Please output exactly the lines below, starting at the line that has "The name Karen." and ending at the line that has "In other words, if", both included; leave out all pictures and include nothing else.

- [LISTED RECORDS]:
※ ※ ※
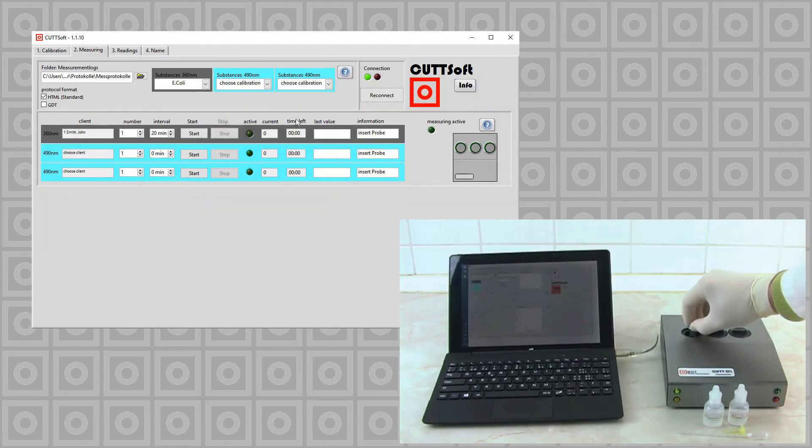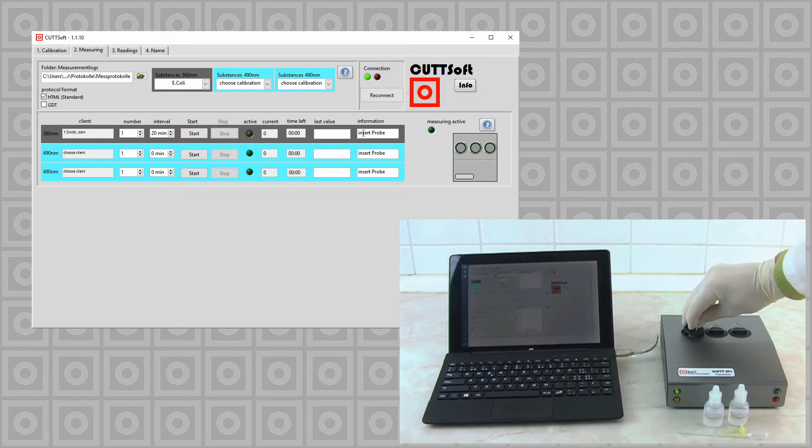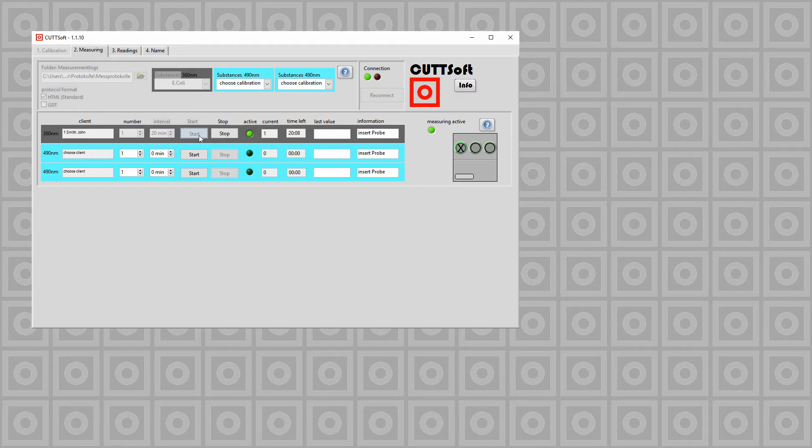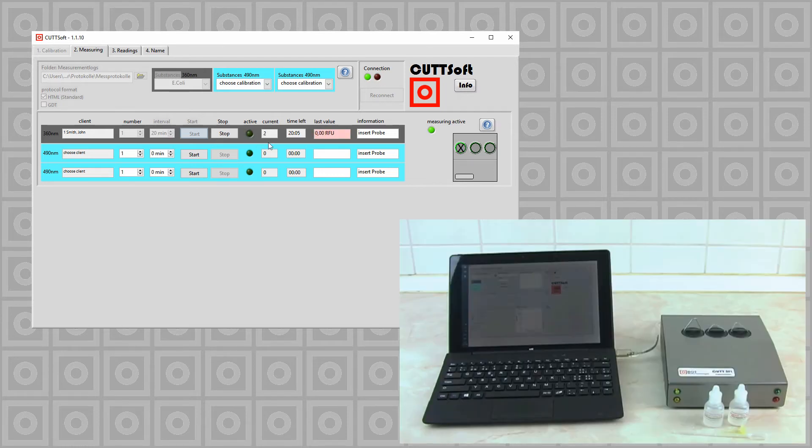Next we have to insert our probe and click on start. The blank volume was measured.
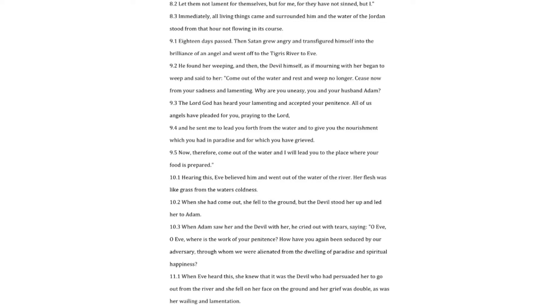When she had come out, she fell to the ground, but the devil stood her up and led her to Adam. When Adam saw her and the devil with her, he cried out with tears, saying, O Eve, O Eve, where is the work of your penitence? How have you again been seduced by our adversary, through whom we were alienated from the dwelling of paradise and spiritual happiness? When Eve heard this, she knew that it was the devil who had persuaded her to go out from the river, and she fell on her face on the ground, and her grief was double, as was her wailing and lamentation.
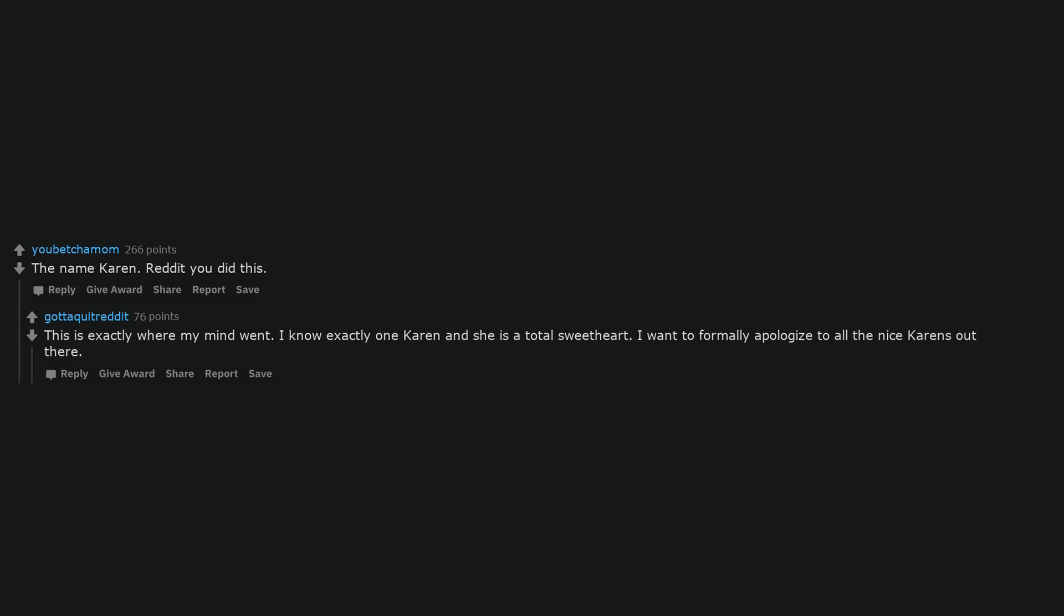The name Karen. Ready to did this. This is exactly where my mind went. I know exactly one Karen and she is a total sweetheart. I want to formally apologize to all the nice Karens out there.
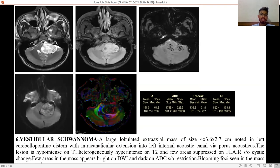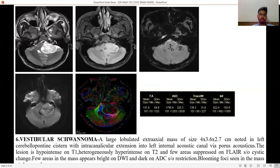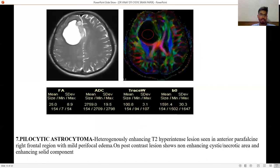Sixth is vestibular schwannoma — a large lobulated extra-axial mass of size 4×3×2 cm noted in the left cerebellar pontine cistern with intracanalicular extension into the left internal acoustic canal via the porous acousticus. The lesion is hypointense on T1, heterogeneously hyperintense on T2, with few areas suppressed on FLAIR suggestive of cystic changes. Few areas appear bright on DWI and dark on ADC, suggestive of restriction; blooming foci are also seen.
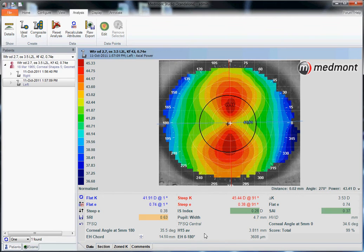In other words, if our scleral lens is calculated to a diameter of 15 millimeters, we know the estimated height of the anterior chamber. We can then add in the apical clearance, and that gives us the required sagittal depth of scleral lens that we require.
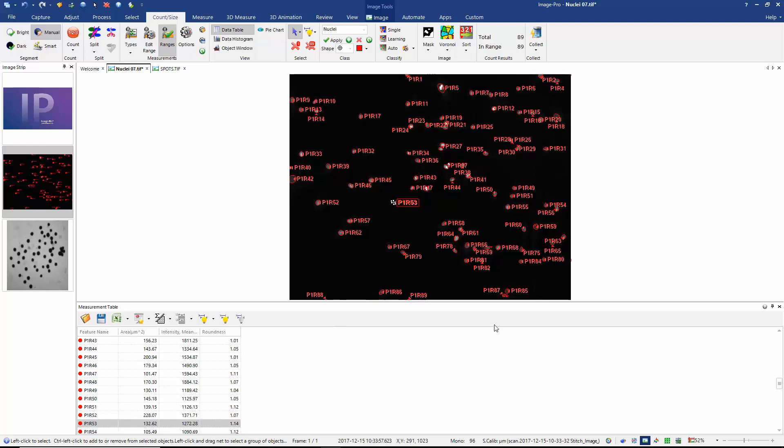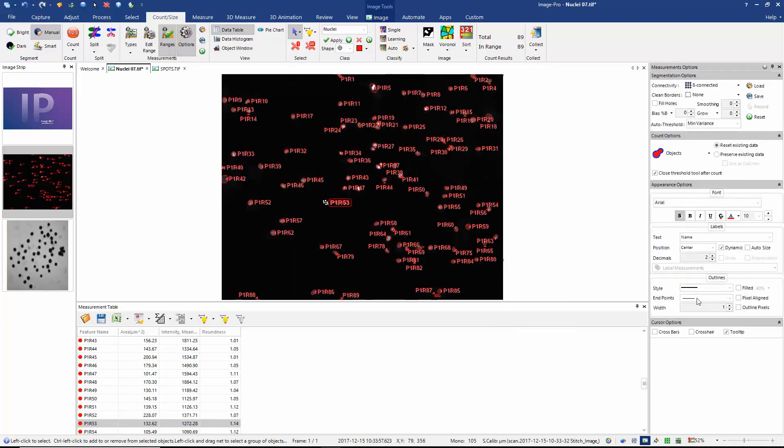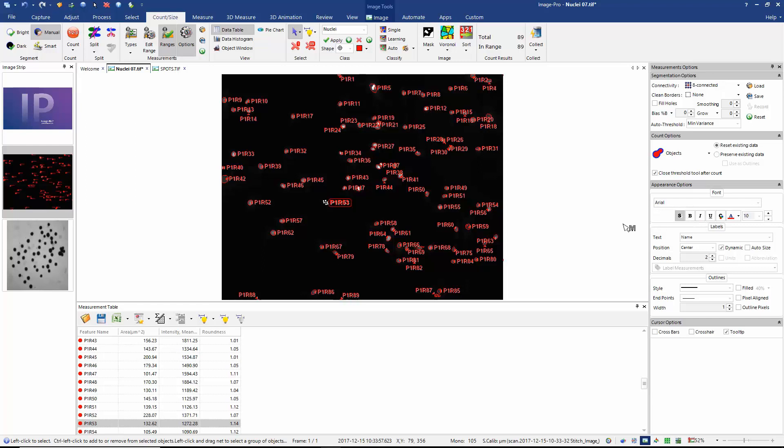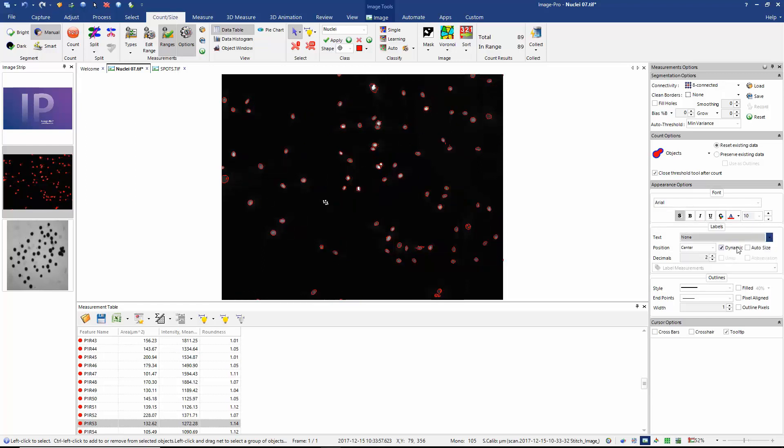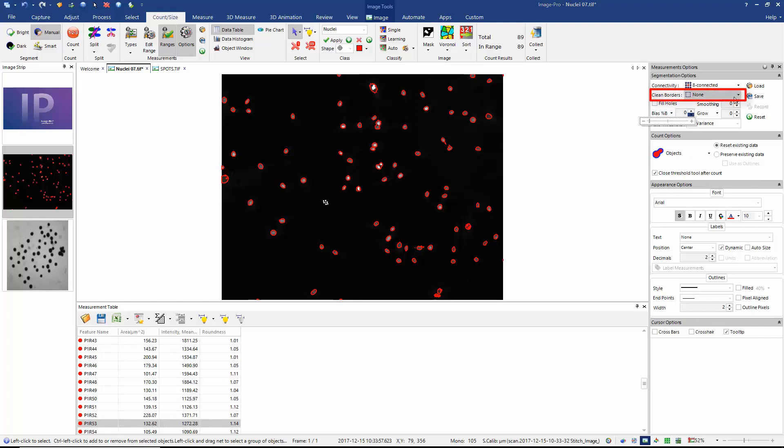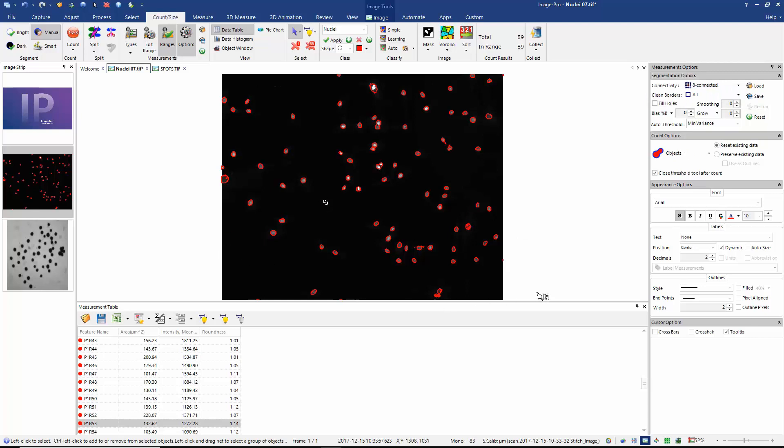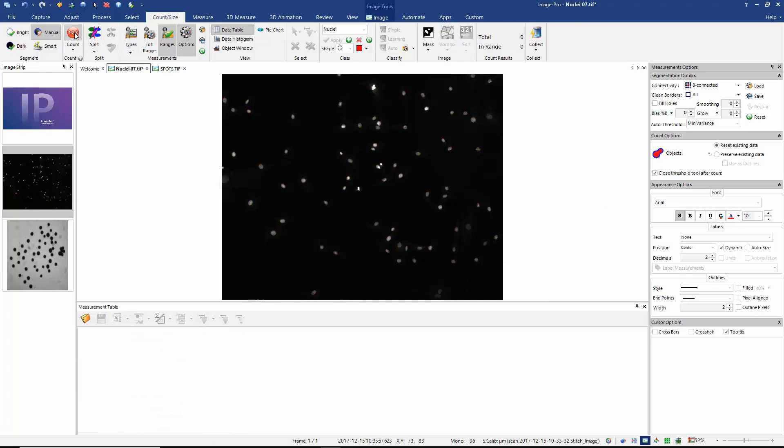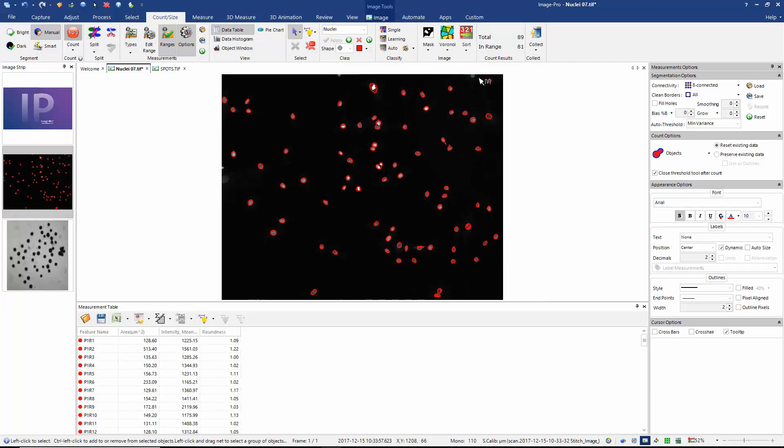Next, I'm going to select my measurements options, which we find here in the ribbon. And when I select them, they're displayed by default on the right of the application. Here I can decide whether I want to include text in my measurements. So by default, we're displaying the name of each measurement. I'm going to change this to none. I can also perhaps change the width of the line with which my objects are displayed. And it's very common to exclude any objects that touch the edges of the image. This is because we can never know their true area or true mean intensity. Now the option to exclude objects that touch the edge of the image is called clean borders. And here I can set my clean borders to all. That means any object that touches the edge of any part of the image will not be counted. So if I clear my measurements and now recount, we now exclude any objects that touch the edge of the image.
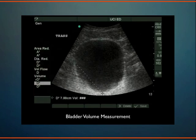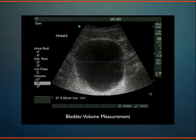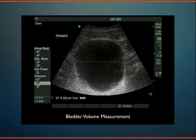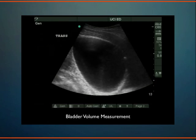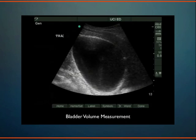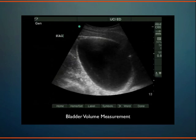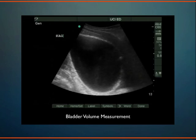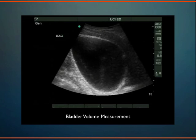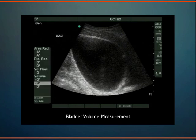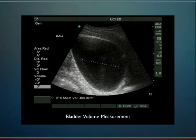D1 is entered as height, D2 as width. Then we unfreeze the machine, move the probe into a sagittal plane, and get the length of the bladder. Those are the three dimensions — height, width, and length. You can enter these into some machines, or multiply the values to estimate the bladder volume.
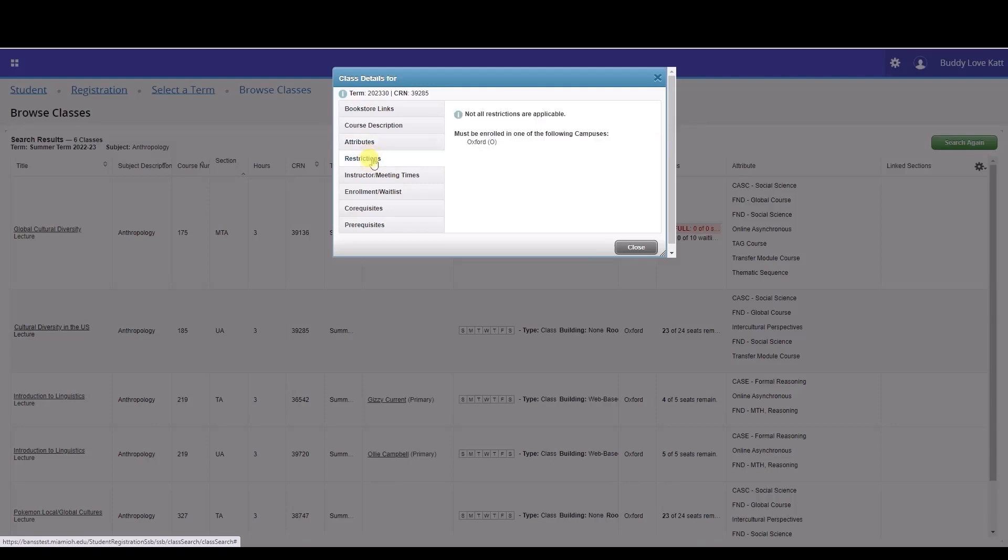With restrictions, some courses have certain rules like class classification (freshman, senior, etc.), campus, level, and school restrictions.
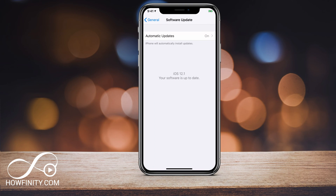Hey everyone. iOS 12.1 now lets you FaceTime with up to 32 people. So instead of having a one-on-one FaceTime, you can now do it with up to 32 people. I wanted to show you how to use it in this video.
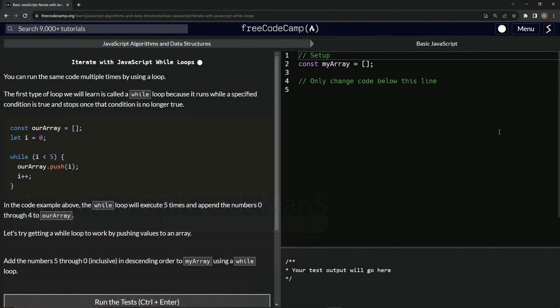Alright, now we're doing FreeCodeCamp JavaScript algorithms and data structures, basic JavaScript - iterate with JavaScript while loops.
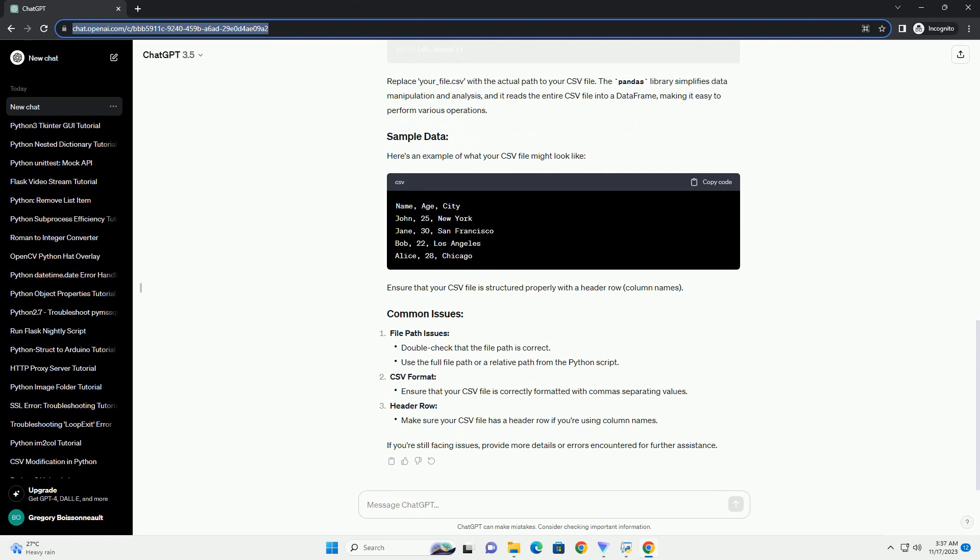Here's an example of what your CSV file might look like. Ensure that your CSV file is structured properly with a header row and column names.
※ ※ ※
- [EXERCISE RESULT]:
The name Karen. Ready to did this. This is exactly where my mind went. I know exactly one Karen and she is a total sweetheart. I want to formally apologize to all the nice Karens out there.
Sixth is vestibular schwannoma — a large lobulated extra-axial mass of size 4×3×2 cm noted in the left cerebellar pontine cistern with intracanalicular extension into the left internal acoustic canal via the porous acousticus. The lesion is hypointense on T1, heterogeneously hyperintense on T2, with few areas suppressed on FLAIR suggestive of cystic changes. Few areas appear bright on DWI and dark on ADC, suggestive of restriction; blooming foci are also seen.
In other words, if our scleral lens is calculated to a diameter of 15 millimeters, we know the estimated height of the anterior chamber. We can then add in the apical clearance, and that gives us the required sagittal depth of scleral lens that we require.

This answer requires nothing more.